Stored data entries
- - -
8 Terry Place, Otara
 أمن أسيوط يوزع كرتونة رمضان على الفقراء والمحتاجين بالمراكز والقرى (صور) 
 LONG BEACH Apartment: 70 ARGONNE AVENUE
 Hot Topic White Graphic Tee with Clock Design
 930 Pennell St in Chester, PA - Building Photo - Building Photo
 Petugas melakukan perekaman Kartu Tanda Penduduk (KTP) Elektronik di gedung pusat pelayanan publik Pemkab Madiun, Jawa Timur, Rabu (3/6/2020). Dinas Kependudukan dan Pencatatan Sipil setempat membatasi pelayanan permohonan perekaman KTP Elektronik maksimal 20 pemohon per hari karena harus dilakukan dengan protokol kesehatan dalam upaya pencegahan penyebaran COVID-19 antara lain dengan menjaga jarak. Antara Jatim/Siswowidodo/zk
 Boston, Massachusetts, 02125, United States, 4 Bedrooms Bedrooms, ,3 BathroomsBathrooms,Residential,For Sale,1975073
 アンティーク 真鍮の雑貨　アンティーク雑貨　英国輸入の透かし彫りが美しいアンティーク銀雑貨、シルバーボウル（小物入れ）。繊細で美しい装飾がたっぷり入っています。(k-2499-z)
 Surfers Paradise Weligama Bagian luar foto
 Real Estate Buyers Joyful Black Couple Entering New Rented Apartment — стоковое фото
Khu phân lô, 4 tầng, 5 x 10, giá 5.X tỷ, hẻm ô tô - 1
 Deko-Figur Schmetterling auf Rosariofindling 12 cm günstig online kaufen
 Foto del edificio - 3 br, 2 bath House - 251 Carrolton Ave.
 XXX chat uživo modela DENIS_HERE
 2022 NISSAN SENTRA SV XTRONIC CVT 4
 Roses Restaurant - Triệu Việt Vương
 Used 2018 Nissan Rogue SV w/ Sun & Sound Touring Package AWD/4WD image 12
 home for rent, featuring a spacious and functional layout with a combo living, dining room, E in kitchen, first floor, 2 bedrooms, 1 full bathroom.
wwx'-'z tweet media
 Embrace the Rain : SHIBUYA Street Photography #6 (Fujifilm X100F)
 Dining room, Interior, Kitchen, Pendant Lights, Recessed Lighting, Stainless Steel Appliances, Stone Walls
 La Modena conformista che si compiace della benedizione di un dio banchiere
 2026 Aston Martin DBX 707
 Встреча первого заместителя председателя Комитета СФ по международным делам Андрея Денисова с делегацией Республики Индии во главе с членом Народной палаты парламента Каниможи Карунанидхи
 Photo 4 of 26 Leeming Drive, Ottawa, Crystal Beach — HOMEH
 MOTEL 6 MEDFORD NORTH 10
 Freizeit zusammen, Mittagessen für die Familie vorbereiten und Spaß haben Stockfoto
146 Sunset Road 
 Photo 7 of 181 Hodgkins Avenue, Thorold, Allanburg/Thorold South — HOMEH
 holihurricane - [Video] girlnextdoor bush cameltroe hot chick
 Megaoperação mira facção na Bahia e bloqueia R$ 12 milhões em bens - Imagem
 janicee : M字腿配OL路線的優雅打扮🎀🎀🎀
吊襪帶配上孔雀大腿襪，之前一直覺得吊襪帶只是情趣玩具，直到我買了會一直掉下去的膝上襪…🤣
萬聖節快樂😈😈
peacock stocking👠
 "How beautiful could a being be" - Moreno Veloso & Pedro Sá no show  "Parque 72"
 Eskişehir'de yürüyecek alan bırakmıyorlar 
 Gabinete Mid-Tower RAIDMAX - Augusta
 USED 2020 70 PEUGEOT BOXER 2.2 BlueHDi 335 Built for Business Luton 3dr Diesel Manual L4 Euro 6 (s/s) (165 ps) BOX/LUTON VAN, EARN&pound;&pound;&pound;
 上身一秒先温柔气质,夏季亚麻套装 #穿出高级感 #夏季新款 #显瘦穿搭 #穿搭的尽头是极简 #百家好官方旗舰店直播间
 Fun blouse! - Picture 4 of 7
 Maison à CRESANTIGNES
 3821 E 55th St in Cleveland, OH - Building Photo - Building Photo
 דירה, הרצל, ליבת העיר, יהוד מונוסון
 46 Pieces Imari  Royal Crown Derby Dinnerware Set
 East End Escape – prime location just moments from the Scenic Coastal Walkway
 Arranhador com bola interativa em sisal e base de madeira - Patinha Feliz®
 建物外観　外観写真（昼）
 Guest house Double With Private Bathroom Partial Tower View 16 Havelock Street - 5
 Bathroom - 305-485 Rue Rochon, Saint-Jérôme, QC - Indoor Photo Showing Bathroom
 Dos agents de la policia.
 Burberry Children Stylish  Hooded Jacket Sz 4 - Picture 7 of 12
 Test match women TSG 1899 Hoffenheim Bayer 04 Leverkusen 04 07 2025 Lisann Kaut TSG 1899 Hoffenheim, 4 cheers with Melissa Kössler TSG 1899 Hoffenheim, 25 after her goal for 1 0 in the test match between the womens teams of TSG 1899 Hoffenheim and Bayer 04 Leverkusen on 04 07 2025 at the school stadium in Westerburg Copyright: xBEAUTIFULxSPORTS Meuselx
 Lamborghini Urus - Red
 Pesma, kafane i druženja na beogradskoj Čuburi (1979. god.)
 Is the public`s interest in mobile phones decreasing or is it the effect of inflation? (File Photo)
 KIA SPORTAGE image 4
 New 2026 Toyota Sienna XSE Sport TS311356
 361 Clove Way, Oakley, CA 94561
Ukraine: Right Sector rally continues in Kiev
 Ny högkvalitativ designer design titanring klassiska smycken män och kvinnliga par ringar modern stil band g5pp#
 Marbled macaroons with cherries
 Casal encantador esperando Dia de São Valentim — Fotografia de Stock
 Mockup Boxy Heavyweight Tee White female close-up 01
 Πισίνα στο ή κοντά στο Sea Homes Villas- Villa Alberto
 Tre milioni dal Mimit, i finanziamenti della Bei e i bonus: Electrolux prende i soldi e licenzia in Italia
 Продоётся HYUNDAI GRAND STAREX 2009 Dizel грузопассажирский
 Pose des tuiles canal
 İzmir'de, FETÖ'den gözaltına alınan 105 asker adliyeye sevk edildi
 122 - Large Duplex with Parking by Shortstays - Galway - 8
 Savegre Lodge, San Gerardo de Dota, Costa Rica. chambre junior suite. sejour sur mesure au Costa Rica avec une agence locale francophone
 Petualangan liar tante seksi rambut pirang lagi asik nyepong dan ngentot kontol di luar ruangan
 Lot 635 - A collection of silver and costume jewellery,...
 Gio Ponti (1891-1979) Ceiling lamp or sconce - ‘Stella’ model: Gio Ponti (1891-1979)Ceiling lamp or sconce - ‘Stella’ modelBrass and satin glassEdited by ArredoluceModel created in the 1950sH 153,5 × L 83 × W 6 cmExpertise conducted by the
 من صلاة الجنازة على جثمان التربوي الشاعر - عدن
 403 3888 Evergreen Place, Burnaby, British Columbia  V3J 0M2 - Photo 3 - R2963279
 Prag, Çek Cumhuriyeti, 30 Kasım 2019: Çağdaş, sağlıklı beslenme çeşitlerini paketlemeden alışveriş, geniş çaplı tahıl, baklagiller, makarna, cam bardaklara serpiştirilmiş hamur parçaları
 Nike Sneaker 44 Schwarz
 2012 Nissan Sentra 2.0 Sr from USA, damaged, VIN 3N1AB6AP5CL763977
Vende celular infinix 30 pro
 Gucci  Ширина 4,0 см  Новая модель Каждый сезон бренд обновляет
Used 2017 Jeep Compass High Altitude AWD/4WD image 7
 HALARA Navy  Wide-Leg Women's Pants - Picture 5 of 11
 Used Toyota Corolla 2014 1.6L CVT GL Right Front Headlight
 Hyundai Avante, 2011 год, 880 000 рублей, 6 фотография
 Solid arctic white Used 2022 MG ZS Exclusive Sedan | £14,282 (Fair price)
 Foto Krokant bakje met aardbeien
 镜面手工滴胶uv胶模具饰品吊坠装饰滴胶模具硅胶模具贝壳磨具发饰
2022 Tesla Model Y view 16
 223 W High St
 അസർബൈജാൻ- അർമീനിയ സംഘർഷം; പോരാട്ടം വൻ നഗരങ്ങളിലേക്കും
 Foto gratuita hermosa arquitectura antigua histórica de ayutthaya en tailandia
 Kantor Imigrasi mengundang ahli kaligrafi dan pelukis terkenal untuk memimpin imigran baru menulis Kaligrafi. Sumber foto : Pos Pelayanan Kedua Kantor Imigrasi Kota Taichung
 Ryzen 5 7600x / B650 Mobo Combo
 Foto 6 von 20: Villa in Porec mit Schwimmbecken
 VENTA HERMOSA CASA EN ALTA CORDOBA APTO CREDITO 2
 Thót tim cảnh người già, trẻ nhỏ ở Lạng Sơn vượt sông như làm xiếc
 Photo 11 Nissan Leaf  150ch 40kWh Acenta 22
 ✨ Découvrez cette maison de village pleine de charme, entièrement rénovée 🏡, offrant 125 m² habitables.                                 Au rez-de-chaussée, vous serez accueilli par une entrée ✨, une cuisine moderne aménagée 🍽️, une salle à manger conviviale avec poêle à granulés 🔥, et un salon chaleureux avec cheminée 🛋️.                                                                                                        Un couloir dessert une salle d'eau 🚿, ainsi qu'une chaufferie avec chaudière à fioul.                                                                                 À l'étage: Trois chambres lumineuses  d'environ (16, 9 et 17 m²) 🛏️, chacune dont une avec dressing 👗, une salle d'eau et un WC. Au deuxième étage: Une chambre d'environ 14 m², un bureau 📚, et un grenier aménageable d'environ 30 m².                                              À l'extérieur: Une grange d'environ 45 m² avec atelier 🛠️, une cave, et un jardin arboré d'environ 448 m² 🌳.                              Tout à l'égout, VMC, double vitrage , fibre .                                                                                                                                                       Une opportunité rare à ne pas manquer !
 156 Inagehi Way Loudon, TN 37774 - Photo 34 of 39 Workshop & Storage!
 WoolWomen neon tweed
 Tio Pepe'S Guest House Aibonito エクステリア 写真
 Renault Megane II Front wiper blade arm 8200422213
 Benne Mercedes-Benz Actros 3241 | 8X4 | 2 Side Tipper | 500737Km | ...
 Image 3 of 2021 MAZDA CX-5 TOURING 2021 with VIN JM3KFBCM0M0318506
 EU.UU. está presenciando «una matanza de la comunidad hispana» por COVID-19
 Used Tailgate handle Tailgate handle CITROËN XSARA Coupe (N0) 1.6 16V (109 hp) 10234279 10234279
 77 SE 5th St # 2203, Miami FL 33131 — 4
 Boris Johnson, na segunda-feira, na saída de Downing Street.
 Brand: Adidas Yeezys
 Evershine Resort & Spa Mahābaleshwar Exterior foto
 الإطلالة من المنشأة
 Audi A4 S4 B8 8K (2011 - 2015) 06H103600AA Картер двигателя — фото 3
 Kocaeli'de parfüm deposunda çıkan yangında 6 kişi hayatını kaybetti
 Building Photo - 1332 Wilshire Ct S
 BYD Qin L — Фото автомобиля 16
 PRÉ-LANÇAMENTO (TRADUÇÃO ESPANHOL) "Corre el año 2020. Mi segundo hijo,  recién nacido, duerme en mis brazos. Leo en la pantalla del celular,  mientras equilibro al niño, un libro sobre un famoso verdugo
- - -
Aim of the exercise: Among the entries above, find the line with "Used 2017 Jeep" and the line with "Photo 11 Nissan"; give again exactly these two lines and all lines between them.

Solution:
Used 2017 Jeep Compass High Altitude AWD/4WD image 7
 HALARA Navy  Wide-Leg Women's Pants - Picture 5 of 11
 Used Toyota Corolla 2014 1.6L CVT GL Right Front Headlight
 Hyundai Avante, 2011 год, 880 000 рублей, 6 фотография
 Solid arctic white Used 2022 MG ZS Exclusive Sedan | £14,282 (Fair price)
 Foto Krokant bakje met aardbeien
 镜面手工滴胶uv胶模具饰品吊坠装饰滴胶模具硅胶模具贝壳磨具发饰
2022 Tesla Model Y view 16
 223 W High St
 അസർബൈജാൻ- അർമീനിയ സംഘർഷം; പോരാട്ടം വൻ നഗരങ്ങളിലേക്കും
 Foto gratuita hermosa arquitectura antigua histórica de ayutthaya en tailandia
 Kantor Imigrasi mengundang ahli kaligrafi dan pelukis terkenal untuk memimpin imigran baru menulis Kaligrafi. Sumber foto : Pos Pelayanan Kedua Kantor Imigrasi Kota Taichung
 Ryzen 5 7600x / B650 Mobo Combo
 Foto 6 von 20: Villa in Porec mit Schwimmbecken
 VENTA HERMOSA CASA EN ALTA CORDOBA APTO CREDITO 2
 Thót tim cảnh người già, trẻ nhỏ ở Lạng Sơn vượt sông như làm xiếc
 Photo 11 Nissan Leaf  150ch 40kWh Acenta 22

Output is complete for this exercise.